Le peintre affirme « La nature n’est pas un décor mais un sujet en tant que tel » et compose ses paysages comme un metteur en scène et non comme un paysagiste : avec une scène, un décor, des lumières, une narration. Il joue avec des procédés de dramatisation du paysage comme le clair/obscur visible notamment dans sa grande toile produite pour L’aparté. Ses espaces dégagés de tout référent laissent la place à l’arbre devenu sujet sensible, ce corps qui s’agite, se balance. Les immeubles ne sont plus réduits qu’à des formes qui rythment leur danse.

En résidence à L’aparté, Dorian Cohen réalise une série de peintures, nous danserons un jour ensemble, où les arbres paraissent danser. Il plante d’abord son arbre, lui donne son mouvement et construit son environnement : un espace pour qu’il puisse avoir les possibilités de se déployer. L’artiste accentue, par un jeu de lumière, sa capacité à se mouvoir. Elle caresse les troncs et révèle la lenteur de ses mouvements. L’arbre devient un danseur sur une scène. Son port témoigne d’une vulnérabilité mais aussi d’une souplesse qui le rend plus fort.

De tableau en tableau, les arbres se déplacent, comme s’ils cherchaient à s’apporter les uns, les autres. Ses séquences de peintures invitent le spectateur à percevoir leur mobilité, un temps suspendu. Seule une toile de petit format présente un sujet isolé, qui ne tient qu’avec un tuteur et tente de se libérer d’une contrainte.

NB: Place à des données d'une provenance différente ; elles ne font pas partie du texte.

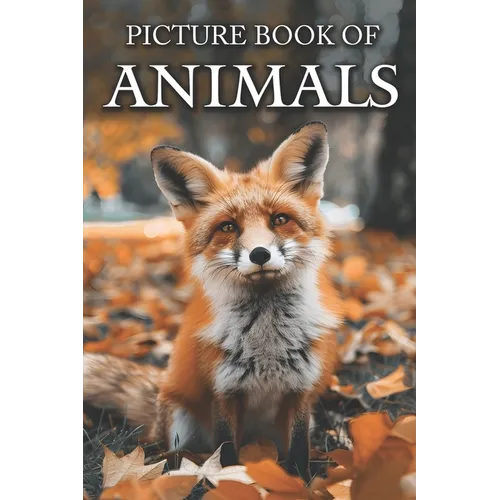 Animals: Picture Books For Adults With Dementia And Alzheimers Patients - Colourful Photos Of Animals With Their Names - Paperback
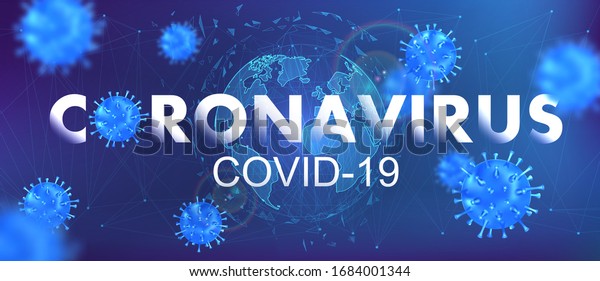 Virus Covid-19 et World Map. Coronavirus de la maladie du virus Wuhan. Coronavirus d'inscription blanc avec bactéries 3D et arrière-plan futuriste et Globe Earth. Illustration vectorielle avec effet flou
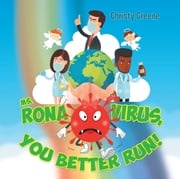 Ms. Rona Virus, You Better Run! Christy Greene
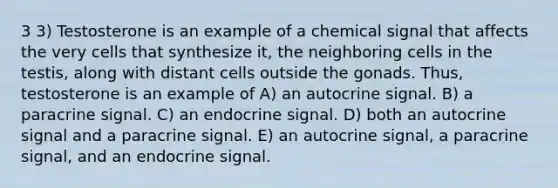 3 3) Testosterone is an example of a chemical signal that affects the very cells that synthesize it, the neighboring cells in the testis, along with distant cells outside the gonads. Thus, testosterone is an example of A) an autocrine signal. B) a paracrine signal. C) an endocrine signal. D) both an autocrine signal and a paracrine signal. E) an autocrine signal, a paracrine signal, and an endocrine signal.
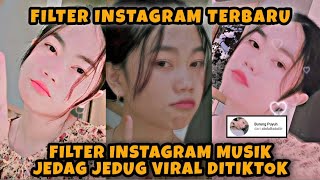 15  FILTER INSTAGRAM MUSIK EFEK JEDAG JEDUG TERBARU 2022 VIRAL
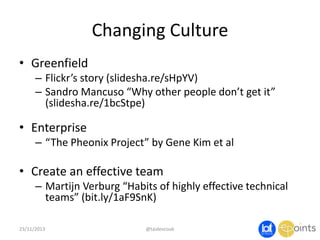 Changing Culture
• Greenfield
– Flickr’s story (slidesha.re/sHpYV)
– Sandro Mancuso “Why other people don’t get it”
(slidesha.re/1bcStpe)

• Enterprise
– “The Pheonix Project” by Gene Kim et al

• Create an effective team
– Martijn Verburg “Habits of highly effective technical
teams” (bit.ly/1aF9SnK)
23/11/2013

@taidevcouk

 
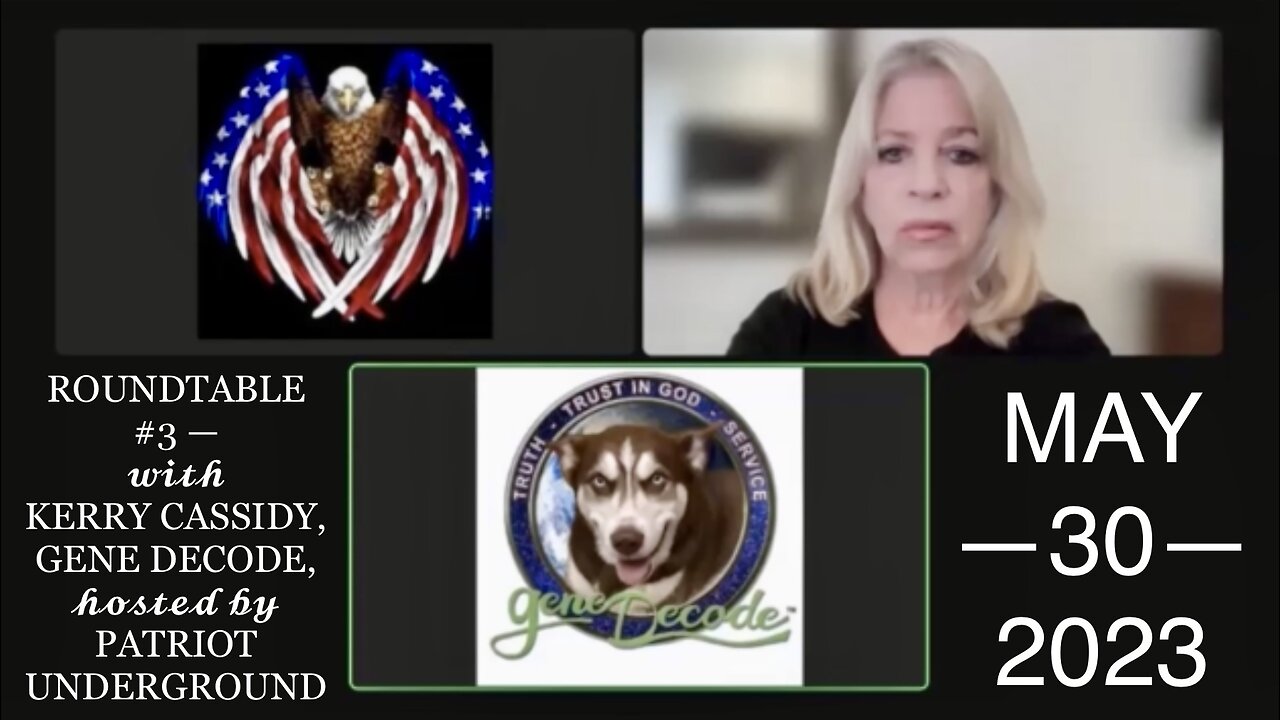 Roundtable #3: Kerry Cassidy, Gene Decode, and Hosted by Patriot Underground (5/30/23) 🐆 PROJECT CAMELOT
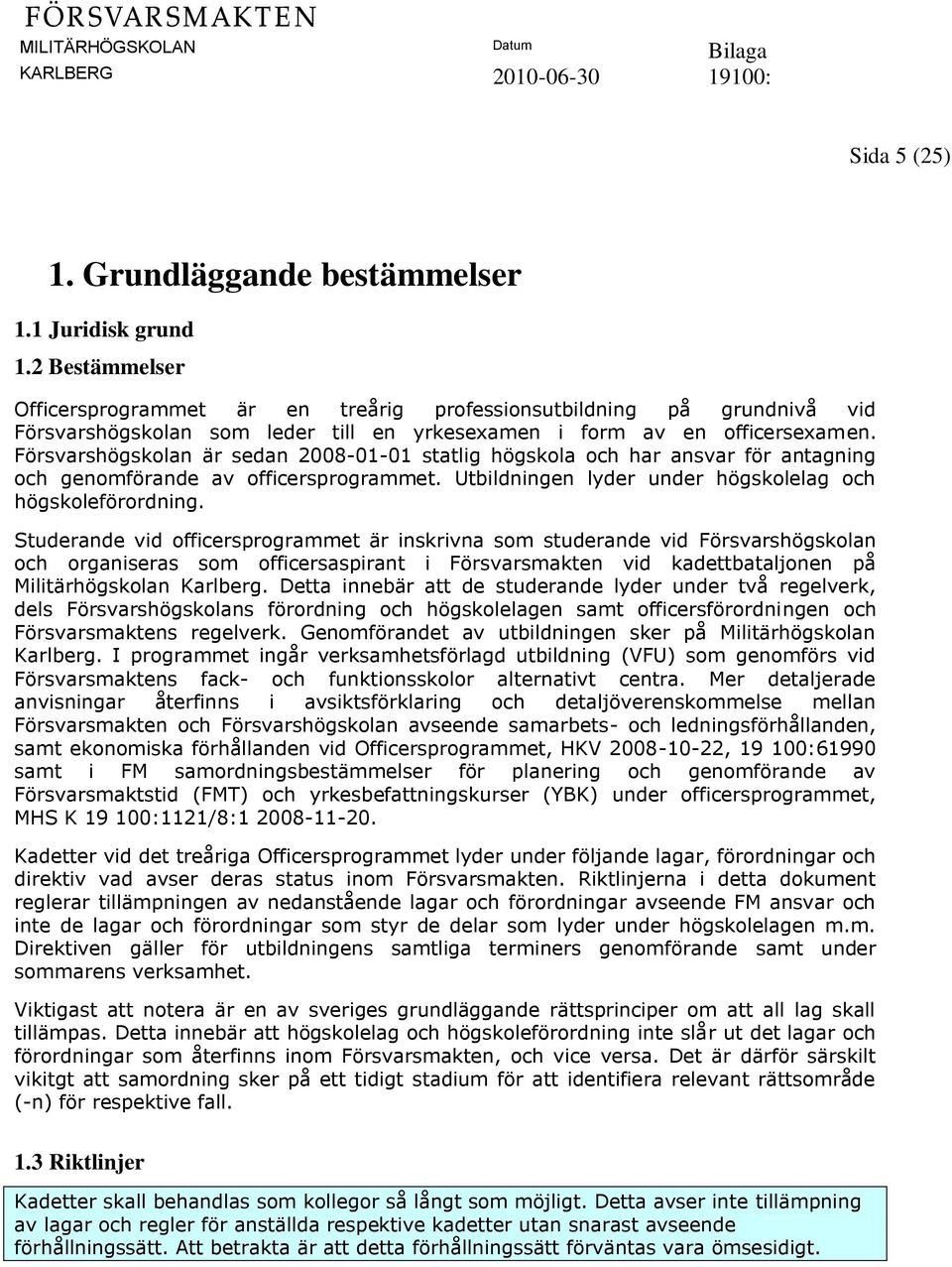 Försvarshögskolan är sedan 2008-01-01 statlig högskola och har ansvar för antagning och genomförande av officersprogrammet. Utbildningen lyder under högskolelag och högskoleförordning.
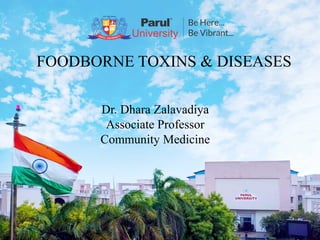 FOODBORNE TOXINS & DISEASES
Dr. Dhara Zalavadiya
Associate Professor
Community Medicine
 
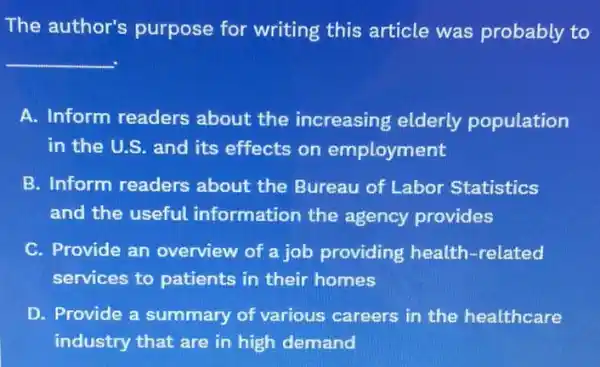 The author's purpose for writing this article was probably to
__
A. Inform readers about the increasing elderly population
in the U.S. and its effects on employment
B. Inform readers about the Bureau of Labor Statistics
and the useful information the agency provides
C. Provide an overview of a job providing health -related
services to patients in their homes
D. Provide a summary of various careers in the healthcare
industry that are in high demand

Dorian Cohen met en lumière leur chorégraphie naturelle et nous invite à prendre conscience des capacités, tel que l’affirme le botaniste Francis Hallé[1], des arbres à communiquer entre eux. Leur courbure et leur échange nous incitent à nous allier, êtres humains, à cette danse, libératrice.

Pauline Lisowski

Critique d’art et commissaire d’exposition


[1] Plaidoyer pour l’arbre, Ed. Actes Sud, 2005.